Exercise in exact copying: restate word for word only the lines below from the one containing "Steam train passing" through the one containing "A man with short", omitting any pictures.
── AVAILABLE DATA ──
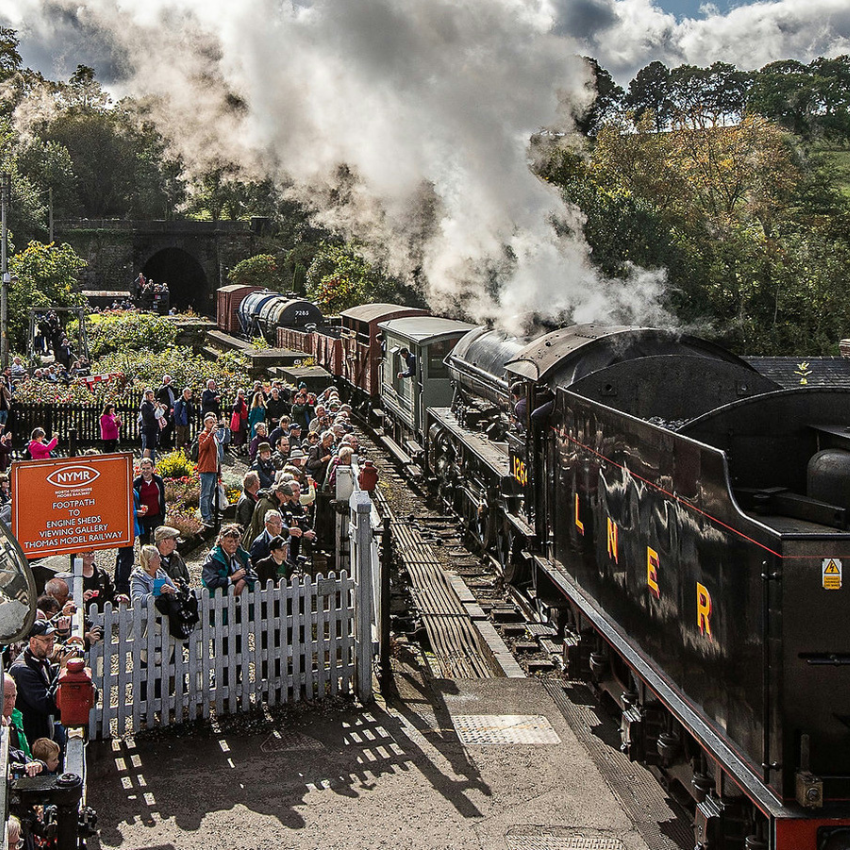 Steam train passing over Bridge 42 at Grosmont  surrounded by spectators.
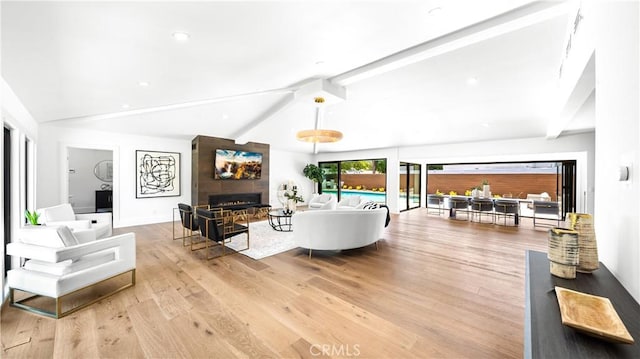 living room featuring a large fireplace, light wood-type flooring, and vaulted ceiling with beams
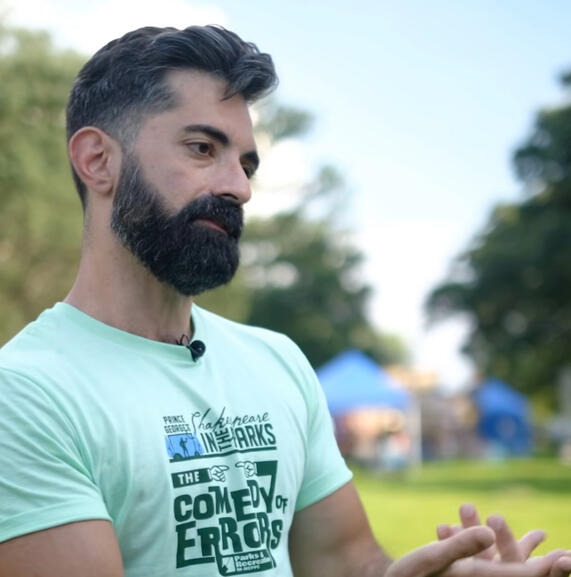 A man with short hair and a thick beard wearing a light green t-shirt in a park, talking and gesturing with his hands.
───
── AVAILABLE DATA ──
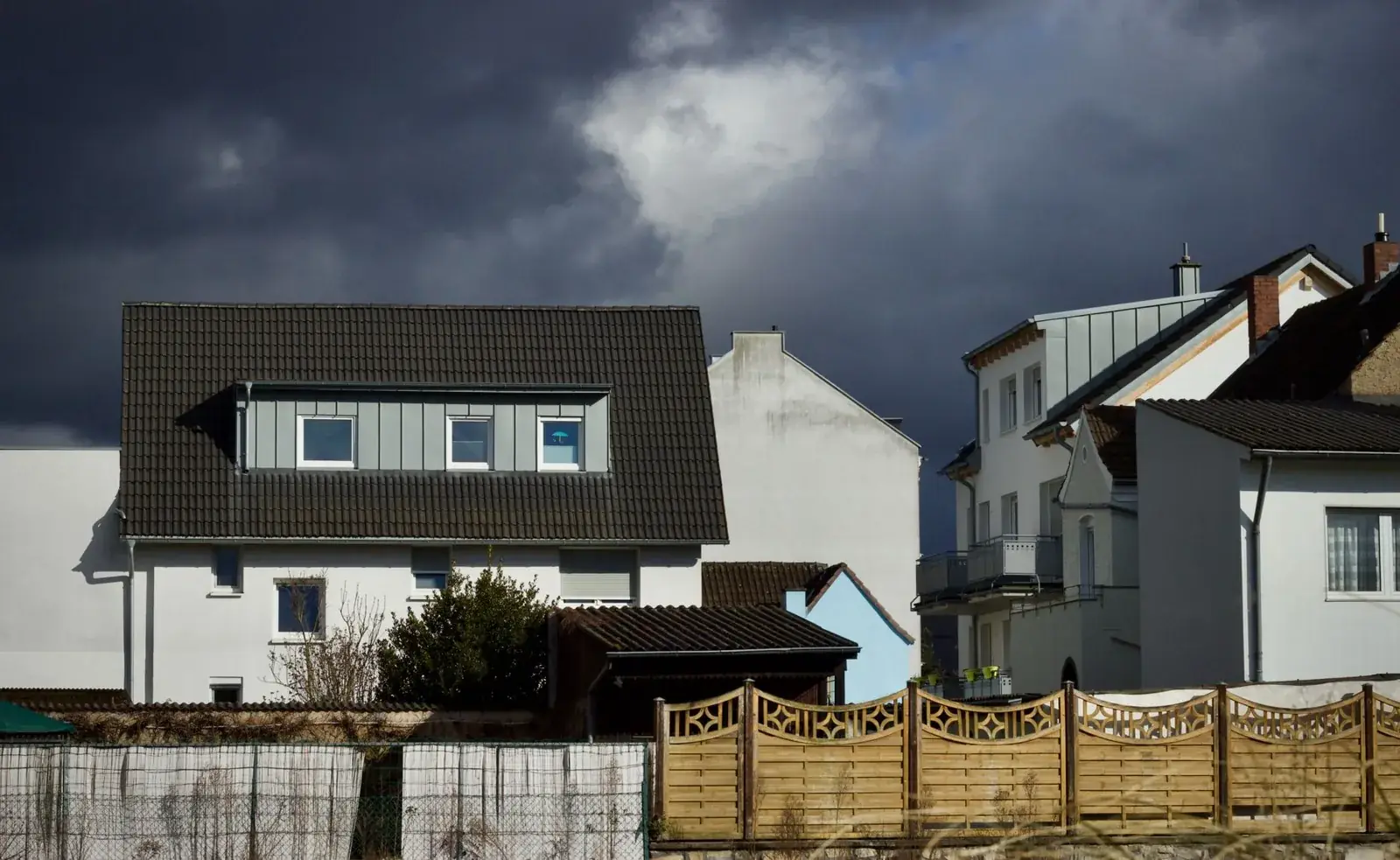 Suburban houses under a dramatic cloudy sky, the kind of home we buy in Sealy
───
PROBLEM SOLUTION:
 Steam train passing over Bridge 42 at Grosmont  surrounded by spectators.
 living room featuring a large fireplace, light wood-type flooring, and vaulted ceiling with beams
 A man with short hair and a thick beard wearing a light green t-shirt in a park, talking and gesturing with his hands.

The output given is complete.